AI researchers at Microsoft (NASDAQ: MSFT) came up with a way of compressing multiple ensemble models into a natural language processing algorithm dubbed Multi-Task Deep Neural Network (MT-DNN) using “knowledge distillation.” The technique is used to boil down the knowledge within a neural network, thereby compressing multiple models, or ensembles, into a single, compact and less expensive model.
The result, the Microsoft researchers noted in a paper, was more robust learning and “universal text representations” across multiple natural language understanding tasks.
Training and testing of the compressed model were performed on four Nvidia (NASDAQ: NVDA) Tesla V100 GPUs running on the PyTorch deep learning framework. The AI researchers reproduced their results on the General Language Understanding Evaluation (GLUE) benchmark using eight Tesla GPUs.
The GLUE benchmark consists of nine natural language understanding tasks, including question answering, sentiment analysis, text similarity and textual entailment. Textual entailment refers to the logical exercise of discerning whether one sentence can be inferred from another.
The MT-DNN algorithm was released in January and updated in April. Combined with Google’s language representation model called BERT (Bidirectional Encoder Representations from Transformers), the researchers claimed their distilled model outperformed BERT and the previous state-of-the-art model on a benchmark leaderboard.
The Microsoft team said they trained a collection of different MT-DNNs serving as a “teacher,” then trained a single algorithm as a “student.” The multi-task learning technique was used to distill knowledge from the ensemble teachers, they reported.

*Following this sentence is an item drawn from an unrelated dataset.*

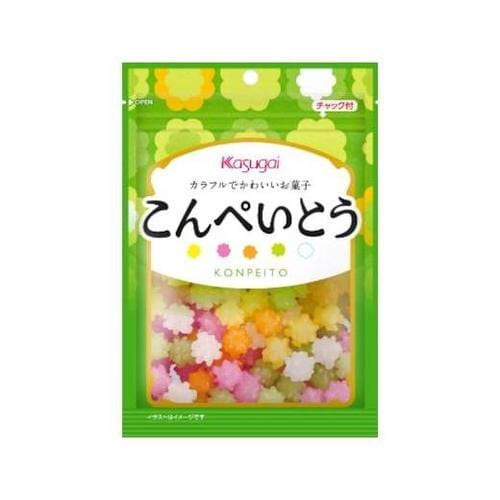 春日井 こんぺいとう 76g x12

Microsoft’s knowledge distillation process was them used for learning multiple tasks. A set of tasks was selected based on the availability of labeled training data. The “teacher” ensemble of different neural networks was trained with these labeled data sets. The single “student” MT-DNN was trained using the multi-task learning approach.

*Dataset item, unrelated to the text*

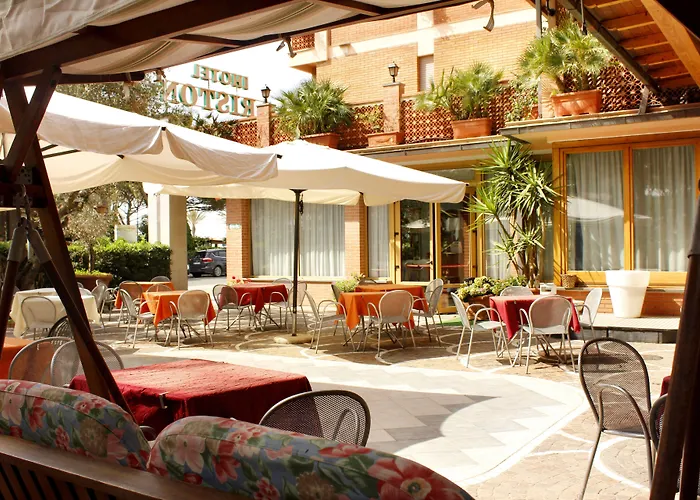 Hotel Ariston Marina di Grosseto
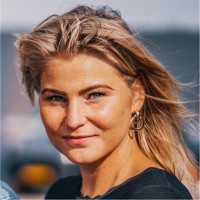 Marjolein Van Der Vlugt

Both the plain-vanilla and “distilled” versions of the MT-DNN algorithm outperformed the BERT model, the latter by a wide margin during benchmark testing, the researchers claimed. The results, they added, demonstrate that language representation using distilled MT-DNN is “more robust and universal” than previous approaches.
The GLUE benchmark results are here.
Microsoft’s knowledge distillation approach is among a growing number of NLP frameworks being turned over to the open-source community as corporate AI research expands and investigators seek to bounce their ideas off outside developers. Earlier this month, for example, Intel’s AI lab released a sentiment analysis algorithm aimed at improving NLP applications that do not scale across different domains.